Poor UX costs rankings when it degrades a signal search engines actually use or drives behavior that feeds back into ranking, and it costs only conversions when it is friction that annoys users without breaking access or touching a measurable signal. The pivot is hits-a-ranking-signal versus annoys-the-converter. A page can be irritating to use and still rank fine, because annoyance alone is not a ranking input; the same page starts losing rankings the moment its problems show up as failed Core Web Vitals, mobile unusability, content-blocking interstitials, or a behavioral pattern of searchers bouncing back to results. Because the exact weighting of these factors shifts, treat the line as a working distinction worth verifying.
Some UX problems sit squarely on the ranking side because they map to things the system measures or rewards. A slow, unstable page that fails Core Web Vitals, a layout that is hard to use on mobile, or a pop-up that blocks the content right after a searcher arrives from search all touch page-experience signals or push users back to the results, and that can pull rankings down. These are not just bad for the visitor, they are legible to the algorithm, which is exactly why fixing them protects position and not only conversion.
Other UX problems live on the conversion side because they irritate without degrading access or signals. A confusing checkout, a weak call to action, or clutter that makes the page tiring to read can quietly kill sign-ups and sales while the page still loads fast, works on mobile, and answers the query well enough that searchers stay. Google has little visibility into your funnel friction, so this kind of UX failure shows up in your revenue, not your rankings, and chasing it as a ranking fix wastes effort on the wrong problem.

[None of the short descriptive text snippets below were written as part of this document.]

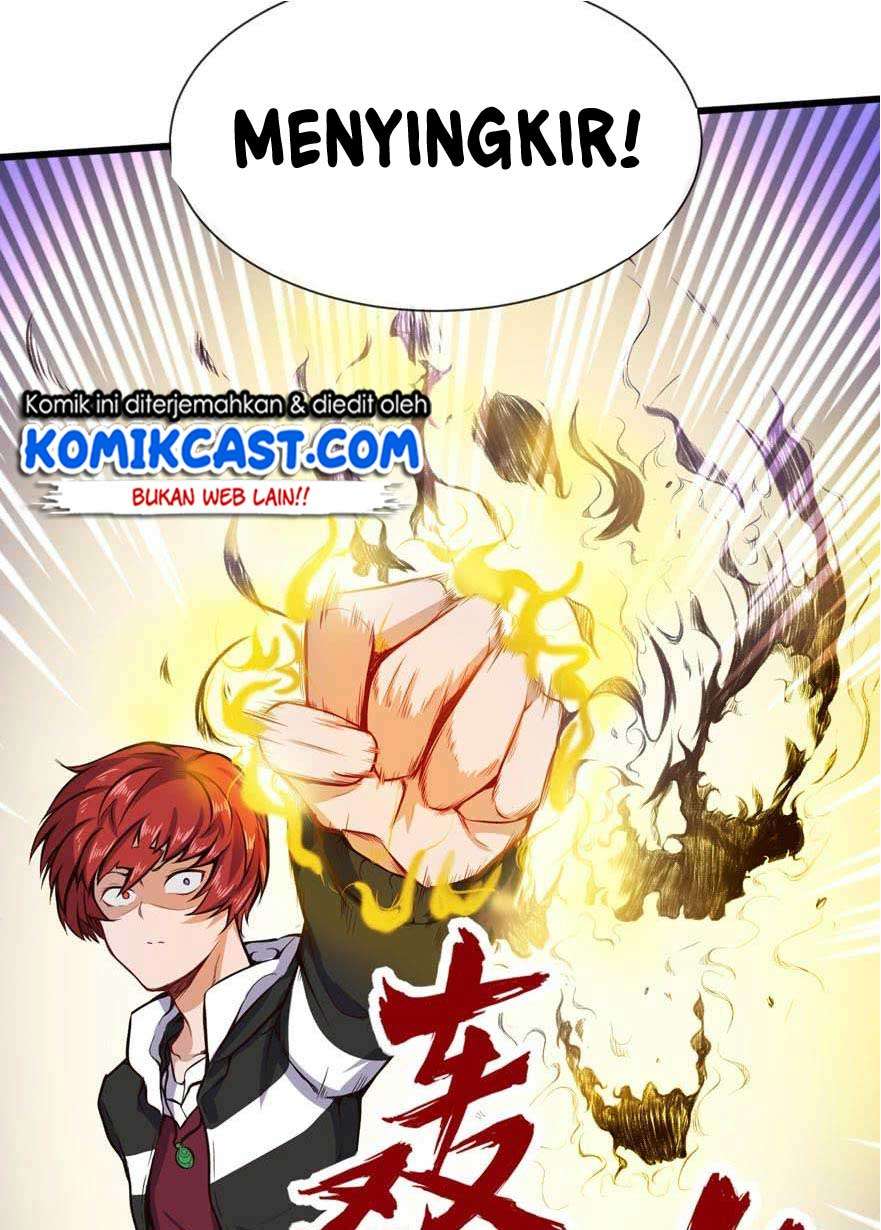 Metropolitan City’s Ying Yang Miracle Doctor Chapter 16 Gambar 5
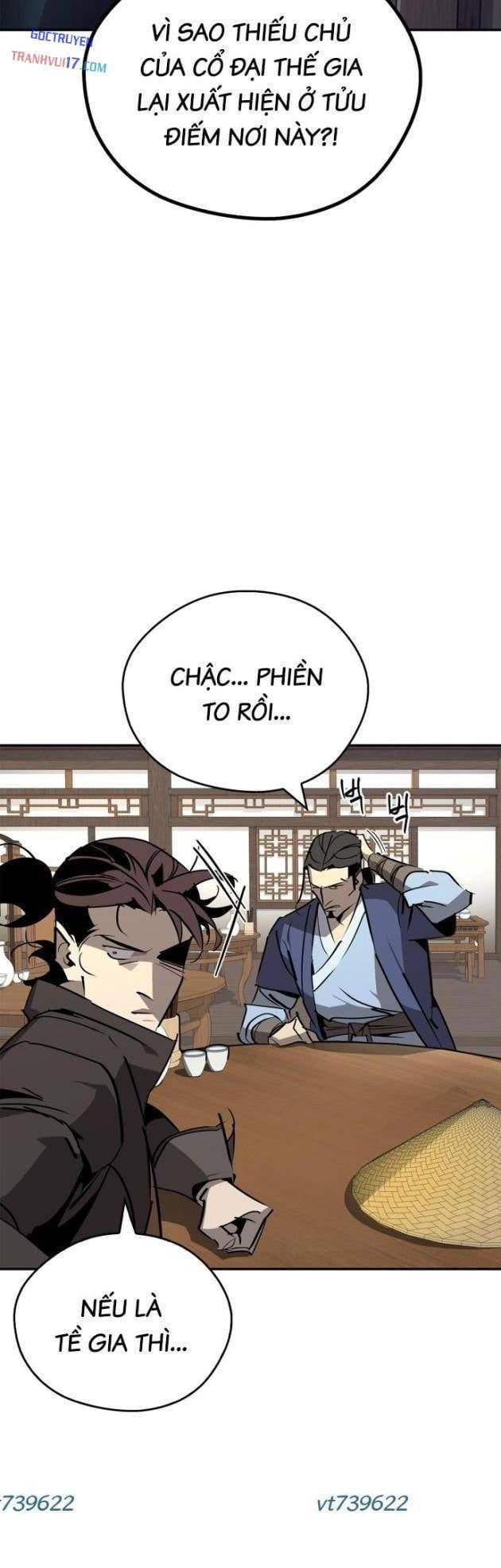 Võ Lâm Phương Tây Chap 64 - Next Chap 63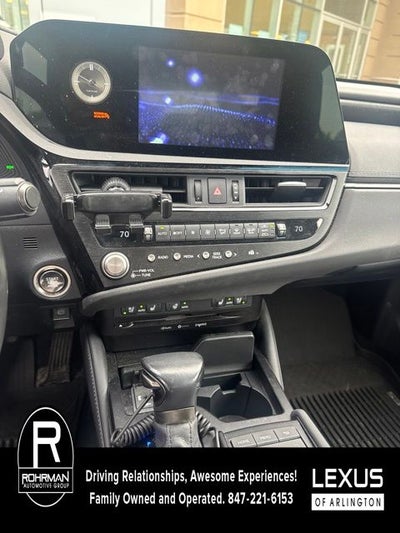 2022 Lexus ES ES 350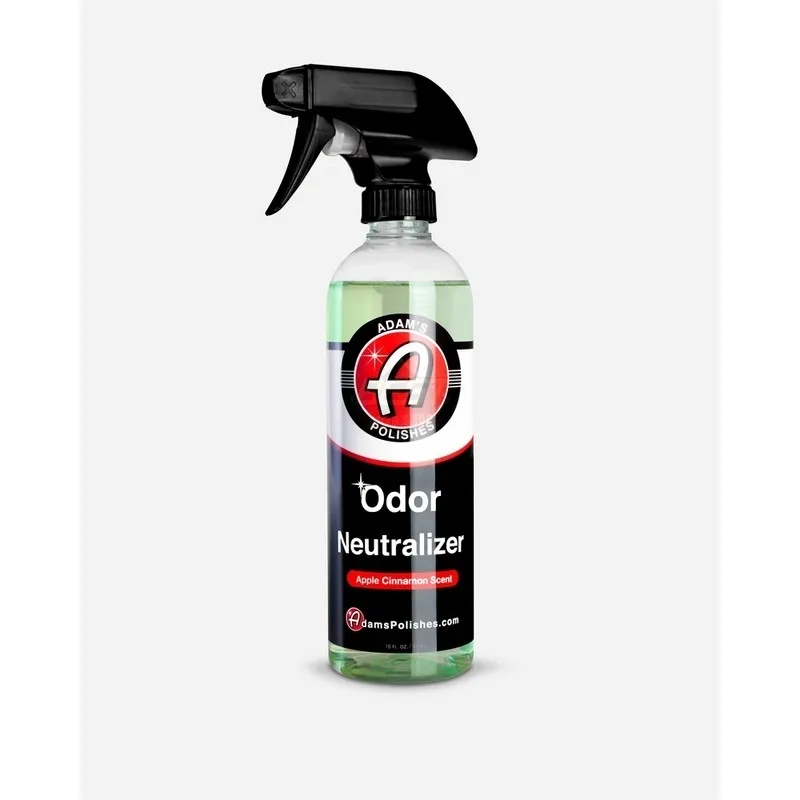 ADAM'S POLISHES ODOR NEUTRALIZER ampliado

For your next audit, sort UX issues into two buckets before you fix anything. Put the items that hit a ranking signal first (Core Web Vitals failures, mobile usability, intrusive interstitials, anything that makes searchers bounce back) and fix those to protect position, then turn to the conversion friction that costs you sales but leaves rankings intact. Fixing the ranking-signal problems first prevents you from losing the traffic you are trying to convert.